Spec’s, a Texas liquor store chain, was the victim of a network data breach that lasted over a year-and-a-half which resulted in the compromise of more than a half-million customer records including bank routing numbers, payment card numbers and security codes.
The breach is thought to have began around October 21, 2012 and the attackers maintained access to systems through March 20, 2014 and affects as many as 34 of the chain’s stores, and the company may have become aware of the intrusion only after being alerted by banks and credit card companies of affected customers.

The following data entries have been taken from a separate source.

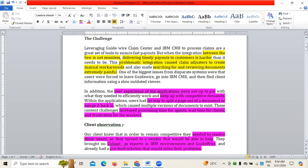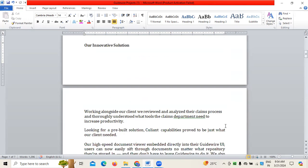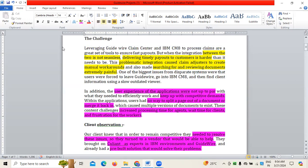The client needed to resolve these issues, so they identified a vendor called Culiant, who has expertise in IBM environments and Guidewire. They wanted a pre-built solution to solve their problems. As a business analyst, you need to understand the requirements from the customer, understand the P&C Guidewire domain, identify what challenges clients are facing, and come up with appropriate solutions.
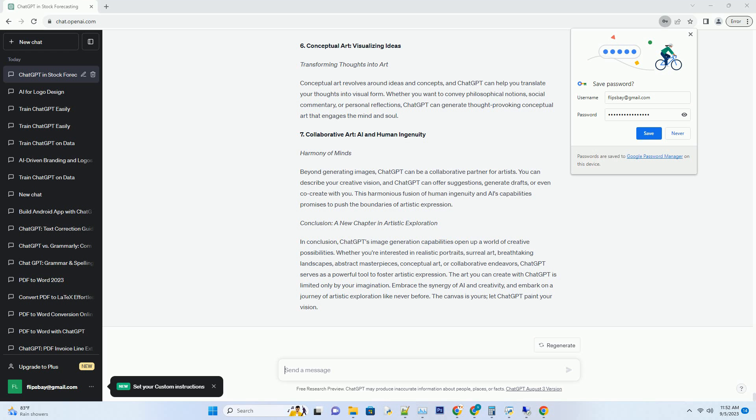5. Abstract Art: The Power of Imagination. Embracing Abstraction. Abstract art is a realm of boundless creativity, and ChatGPT can be your muse. Describe abstract concepts, emotions, or unconventional ideas, and ChatGPT can translate them into mesmerizing abstract artworks. Unleash your inner artist and explore the depths of abstraction.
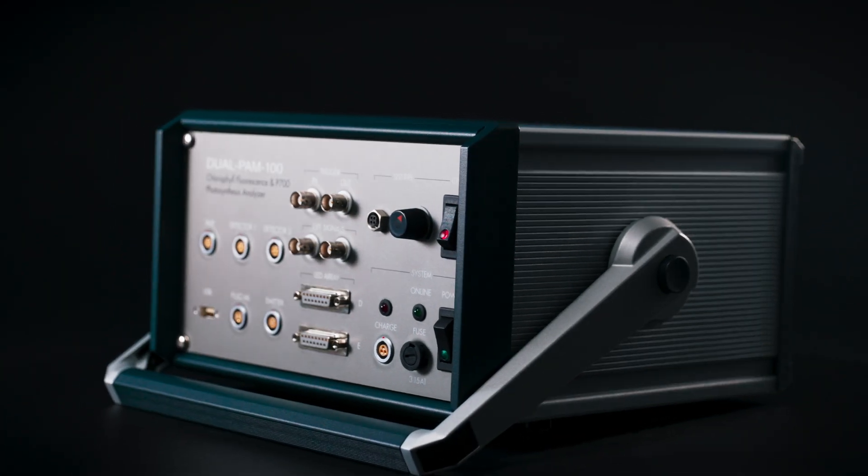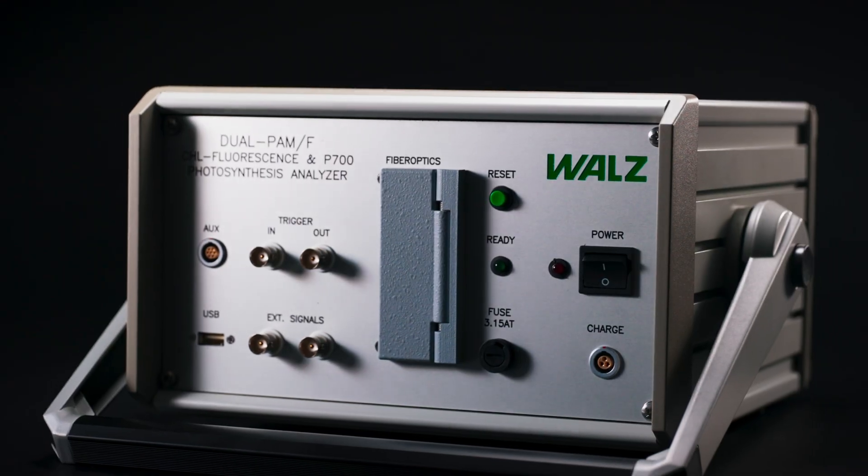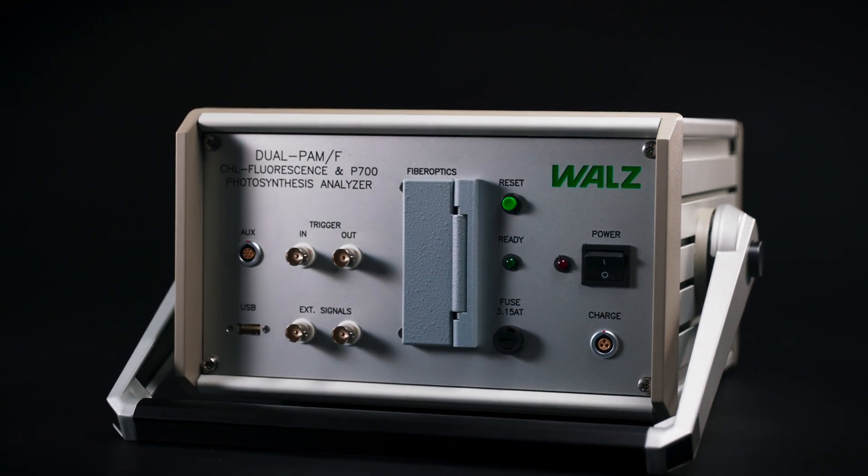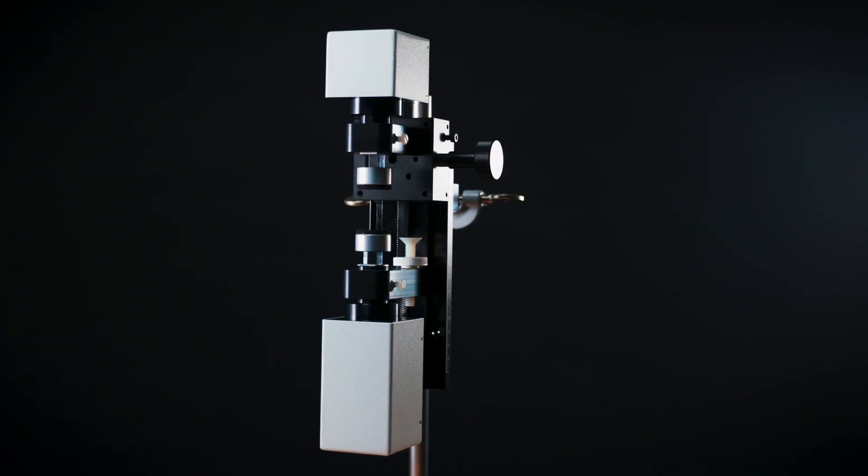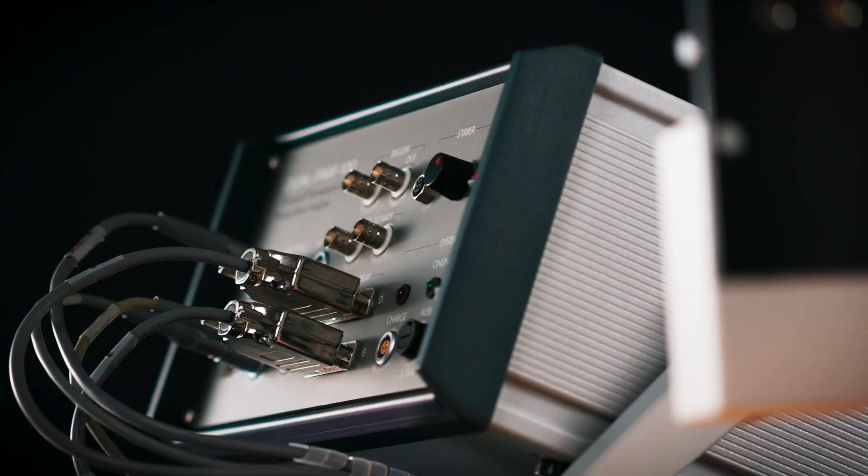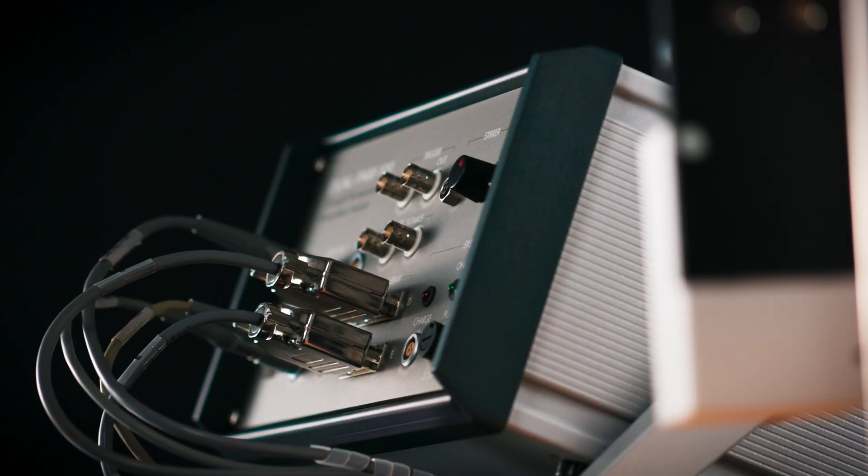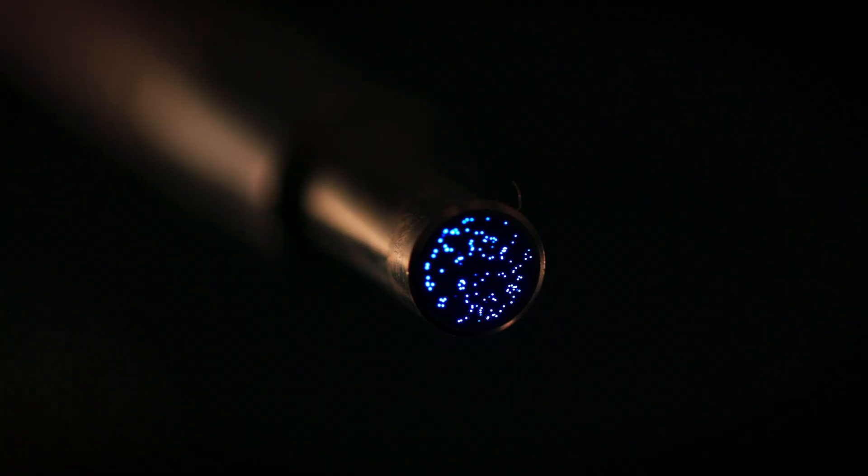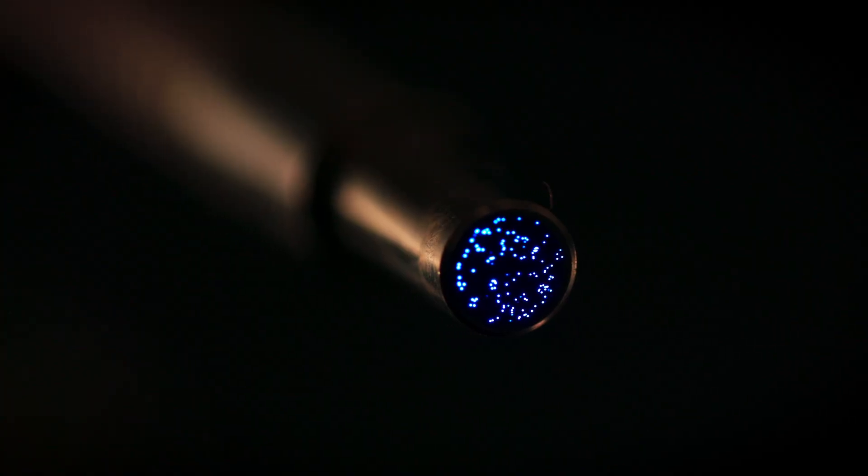In many more applications, Dual PAM systems have proven themselves. Whether you are working with the modular or the fiber version, the Dual PAM systems will give you a deeper understanding of photosynthesis.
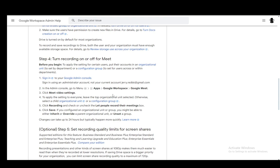To apply the setting to everyone, you need to leave the top organizational unit selected. Otherwise, select a child organizational unit or a configuration group.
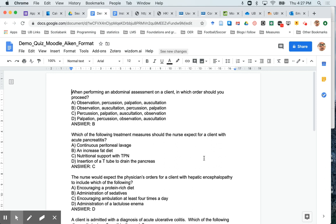In this video we're going to see how you can use your word processor to create a quiz that can be uploaded directly into the Moodle quiz feature.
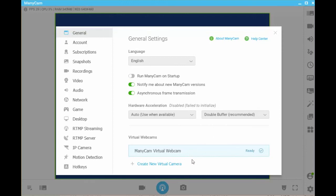The virtual webcam setting defaults to ManyCam virtual webcam. If you'd like to create a new virtual camera, simply click on create new virtual camera at the bottom of this dialog box.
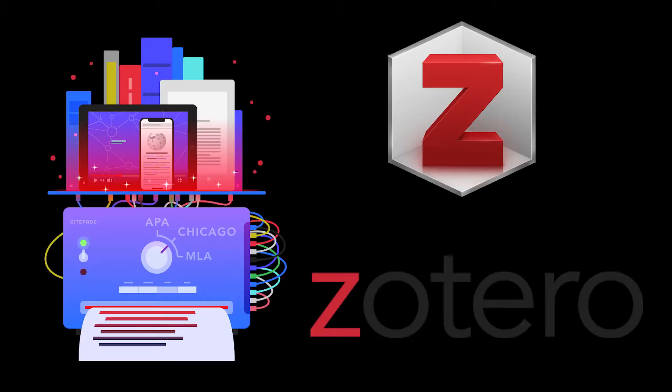In this video, I want to look at some basic uses of Zotero, which is a citation management software which you can use to store your articles, store PDFs, and create bibliographies.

“This was a very sophisticated attack by a hacker or hackers who went to great lengths to cover their tracks,” Spec’s spokeswoman Jenifer Sarver said. “It took professional forensics investigators considerable time to find and understand the problem then make recommendations for Spec’s to fully address and fix them.”
Disclosure of the breach was apparently delayed at the request of federal investigators who were collecting evidence and trying to trace the attackers, but questions remain as to why it took so ling for the company to detect the compromise and why the forensic examination was so lengthy.
“I’m surprised the investigation went on so long without them discovering the root problem,” said Tim Erlin, Tripwire’s director of IT risk strategy at data security, who also noted that the breach period “was exceptionally long” and that the company’s security efforts “were clearly ineffective or inadequate.”
“The issue has been resolved and data is no longer being obtained,” Sarver said, adding that the company replaced point of sale systems and “disabled and removed malware that was illegally placed on the computer systems.”